In this function, we query the API for a keyword, then scan the organic results to see if any result URL contains our domain (you might use a stricter check or a specific URL if you expect a certain page). We log a success if found, or a warning if not. This can alert you if your SEO standing for important keywords drops. Just be mindful of the API usage limits – serpnode offers 100 free requests per month which is plenty for a weekly check on a few keywords.
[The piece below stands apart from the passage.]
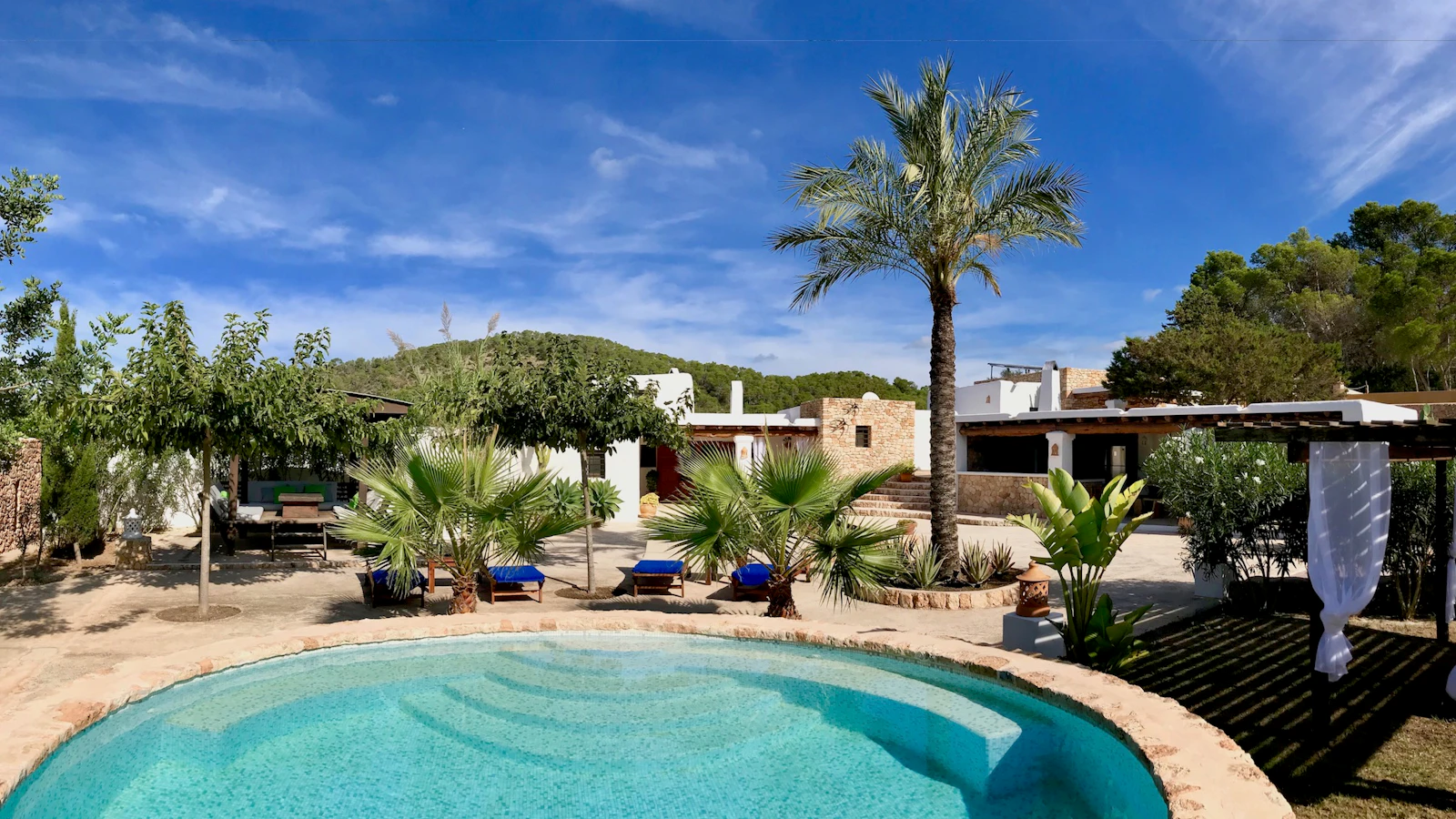 Home 2 Villa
Security tip: We pass the API key via an environment variable (SERPNODE_API_KEY) set in the workflow. Never hardcode secrets in your scripts or repository.

Putting It All Together

We have outlined individual checks for meta tags, links, performance, and SERP. In practice, you would combine the meta and link checks (and possibly the SERP checks) in one script (like seo-check.js) that might look like:

// Example main function that runs the checks
(async () => {
  const baseUrl = process.env.BASE_URL;
  if (!baseUrl) {
    console.error("BASE_URL not specified");
    process.exit(1);
  }

  console.log(`Starting SEO health check for ${baseUrl} ...`);

  // 1. Meta tags and broken links on the homepage (you can add more pages as needed)
  await checkMetaTags(baseUrl);
  await checkBrokenLinks(baseUrl);

  // 2. (Optional) Check additional important pages
  // const docsPage = baseUrl + "/docs/";
  // await checkMetaTags(docsPage);
  // await checkBrokenLinks(docsPage);

  // 3. SERP verification for target keywords
  await checkSerpResult("MyProject Docs", "myproject.org");
  await checkSerpResult("MyProject install", "myproject.org");
})();

ou can customize which pages to scan and which keywords to verify based on your project. The workflow will run this script weekly and output any issues to the Actions log. If everything is okay, you’ll see a bunch of green checkmarks in the log; if not, you’ll see the warnings/errors we printed, and you can take action (fix content, add redirects, etc.). You could even make the action fail on certain conditions (by exiting with a non-zero code) to get an email alert, or configure it to create GitHub issues when problems are found, but that’s beyond our scope here.

Conclusion

By leveraging GitHub Actions, we set up an automated SEO health check that requires virtually no maintenance. Every week (or on-demand), our workflow will flag issues like missing meta tags, broken links, slow pages, or SEO regressions. This proactive approach helps catch problems early, ensuring our site remains in good SEO shape without manual audits.